Professionnalisation

Steven Martin a également vu le secteur se métamorphoser ces 20 dernières années. “Le secteur s’est énormément professionnalisé à tous les niveaux. Il y a 20 ans, on voyait déjà de chouettes spectacles. Mais ce n’est pas comparable à ce qui se fait aujourd’hui, notamment parce que la technologie de l'époque était encore assez rudimentaire. Il y a 20 ans, les maisons de production de contenu n’existaient pas. La régie se résumait à quelqu’un expliquant où, quand et quoi faire. Aujourd’hui, le régisseur est devenu une part essentielle de l’organisation, le chef d’orchestre de l’ensemble. Et pour finir, j’ai vu se développer la coordination de la sécurité, une évolution majeure pour le secteur.
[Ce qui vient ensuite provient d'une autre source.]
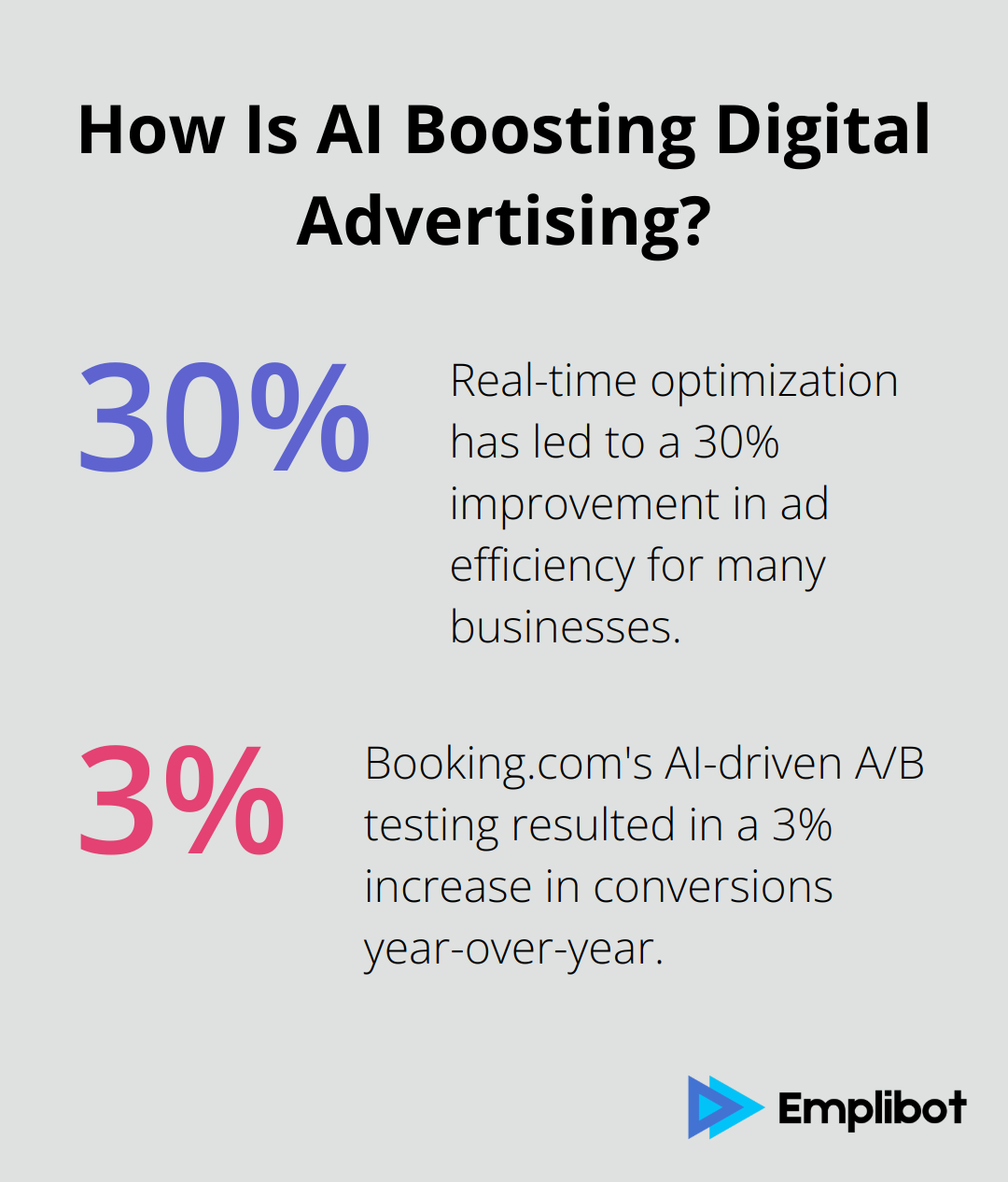 Infographic: How Is AI Boosting Digital Advertising? - how can ai be used in marketing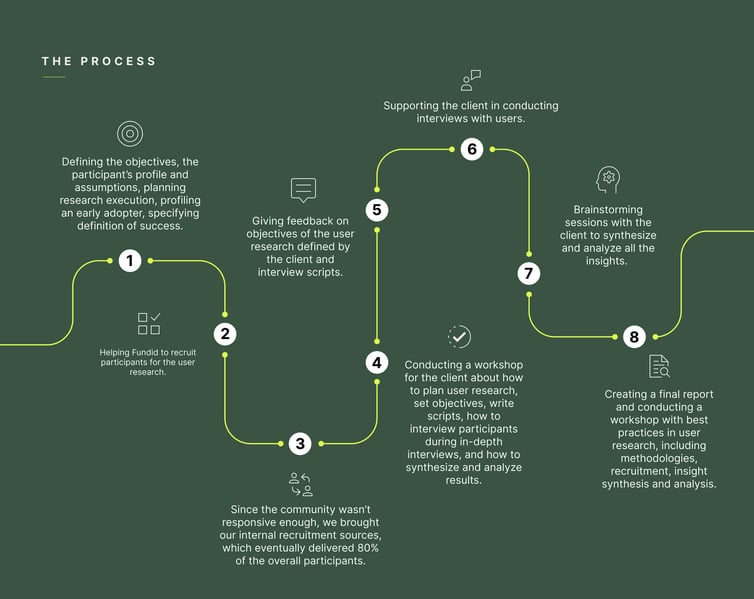 User research process for Fundid.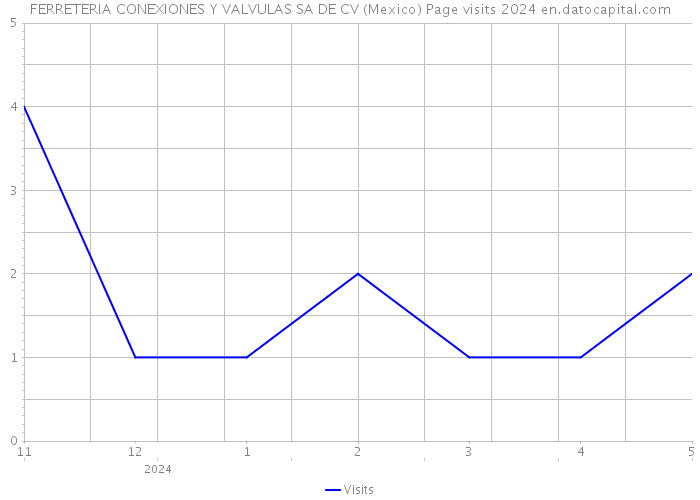 FERRETERIA CONEXIONES Y VALVULAS SA DE CV (Mexico) Page visits 2024 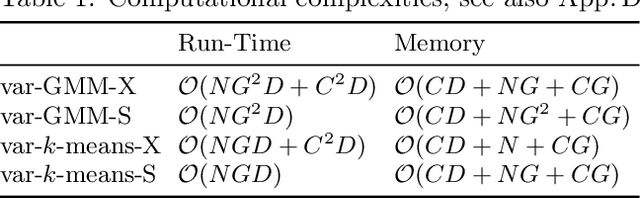 Figure 2 for Can clustering scale sublinearly with its clusters? A variational EM acceleration of GMMs and $k$-means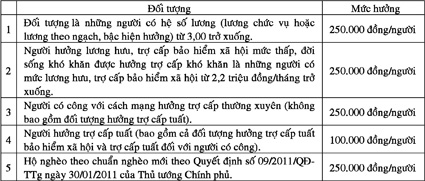 Trợ cấp khó khăn từ 100.000 - 250.000 đồng/người cho 5 nhóm đối tượng có thu nhập thấp
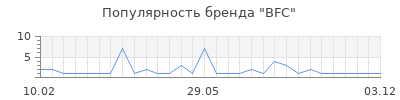 Популярность bfc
Et n’oublions pas non plus la technologie LED, la réalité virtuelle en 3D, l’I.A.…”

Fier du secteur

Steven Martin est un véritable ambassadeur du côté artisanal de sa profession. «Je dessine beaucoup, je travaille avec des storyboards, des visuels en 3D, Photoshop, des échantillons de matériaux et de textiles… Je ne travaille pas non plus depuis ma boîte mail, mais autour d’une table, afin de créer l’ambiance d’un atelier. Je trouve dommage que tout soit devenu si propre et carré de nos jours. Nous ne sommes pas suffisamment fiers de notre secteur. Pourquoi dissimuler la plus belle partie de notre job, celle qui laisse le mieux voir notre expertise ? On dirait qu’il faut absolument cacher au client notre façon de travailler. Il ne peut voir que le produit fini. Pour moi, il est tout aussi intéres­sant d’impliquer le client dans le processus quasiment artisanal de la production. Lui faire ressentir le travail, la création, l’évolu­tion pas à pas du concept. Le client prend ainsi réellement part à la construction du projet. Nous créons véritablement ensemble, permettant au client de s’approprier réellement le projet”, conclut Steven Martin.